Data provided:
---+---

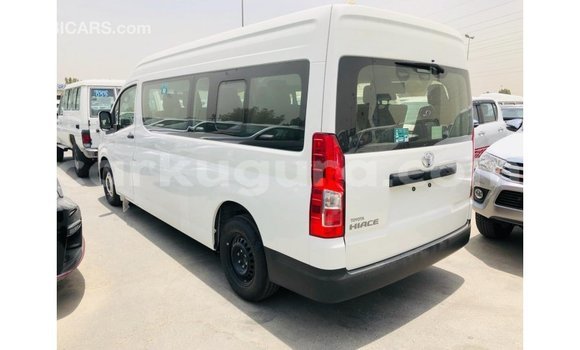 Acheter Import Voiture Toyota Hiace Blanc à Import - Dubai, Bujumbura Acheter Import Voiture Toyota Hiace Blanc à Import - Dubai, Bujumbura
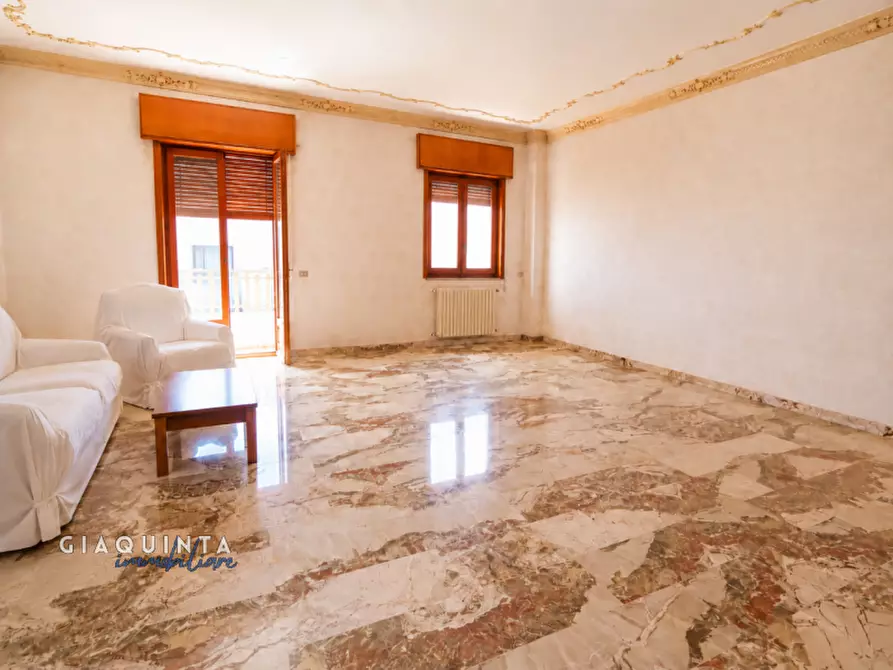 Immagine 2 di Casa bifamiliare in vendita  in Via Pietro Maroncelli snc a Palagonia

---+---

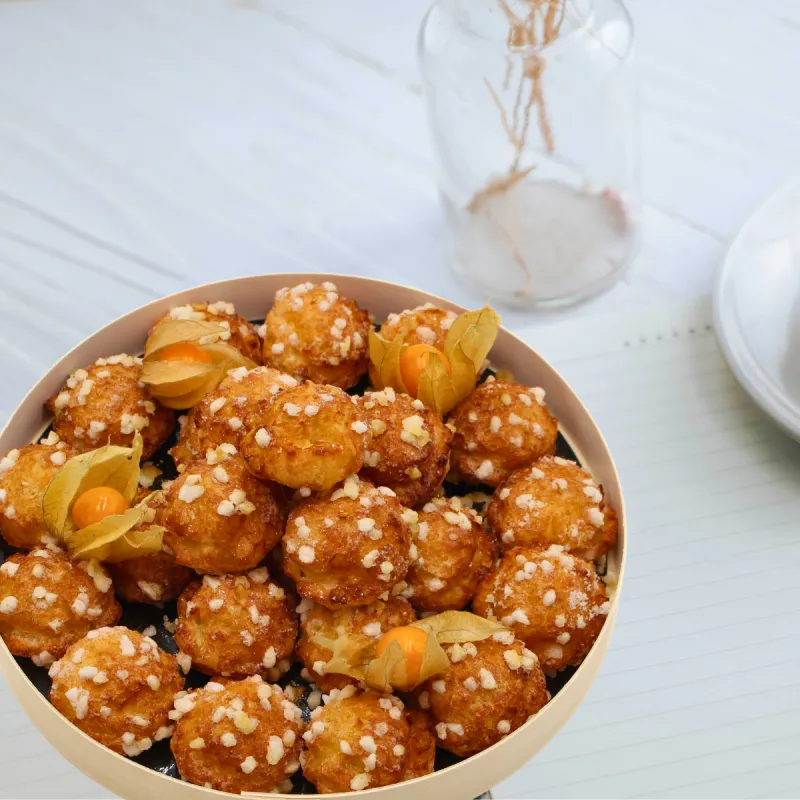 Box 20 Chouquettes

---+---

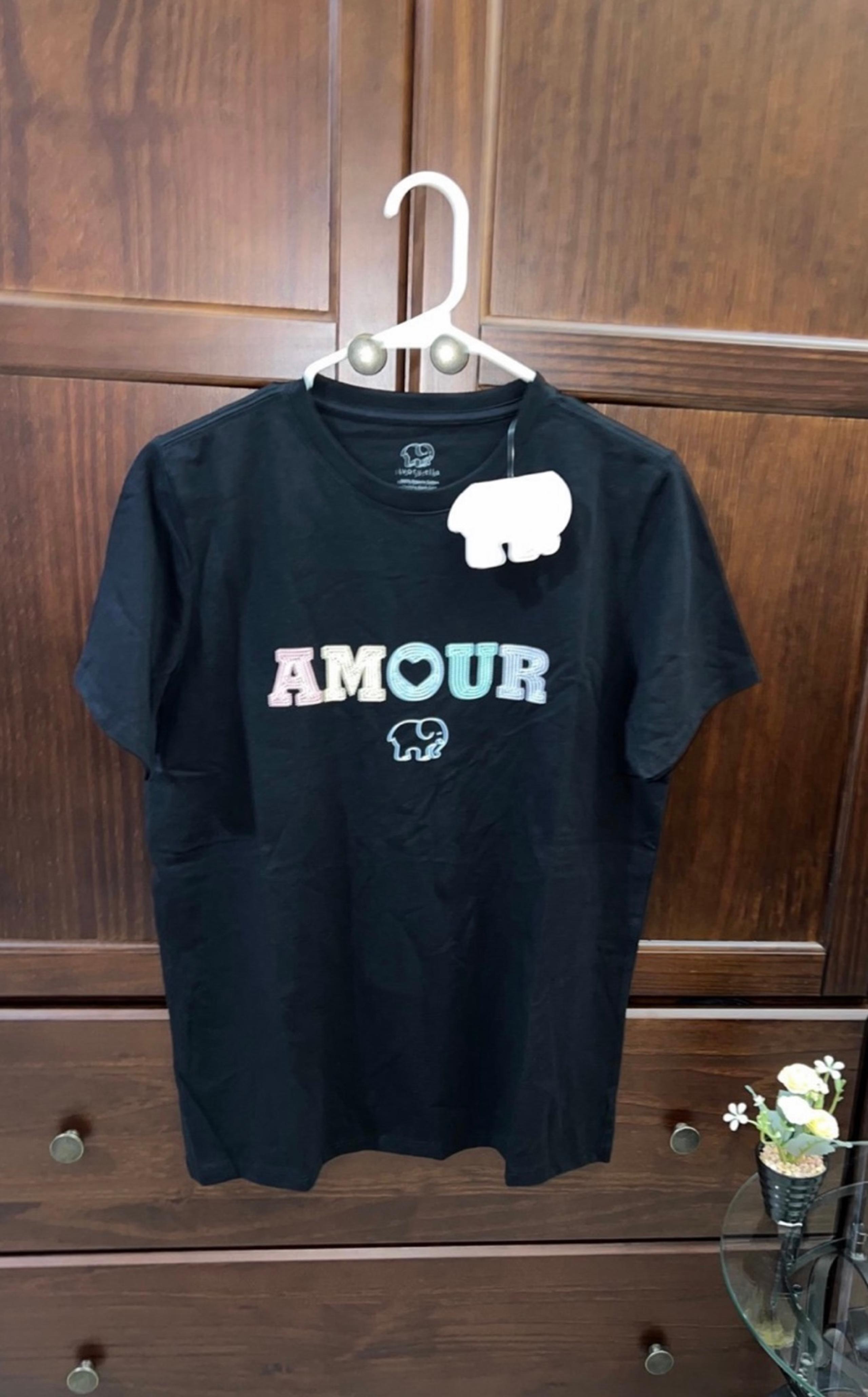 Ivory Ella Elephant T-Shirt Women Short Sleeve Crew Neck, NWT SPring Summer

---+---

What the exercise asks: Reproduce the listing above only between the lines holding "Dubai, Bujumbura Acheter" and "Immagine 2 di", inclusive. Every line must match exactly, and pictures are dropped.

Response area:
 Acheter Import Voiture Toyota Hiace Blanc à Import - Dubai, Bujumbura Acheter Import Voiture Toyota Hiace Blanc à Import - Dubai, Bujumbura
 Immagine 2 di Casa bifamiliare in vendita  in Via Pietro Maroncelli snc a Palagonia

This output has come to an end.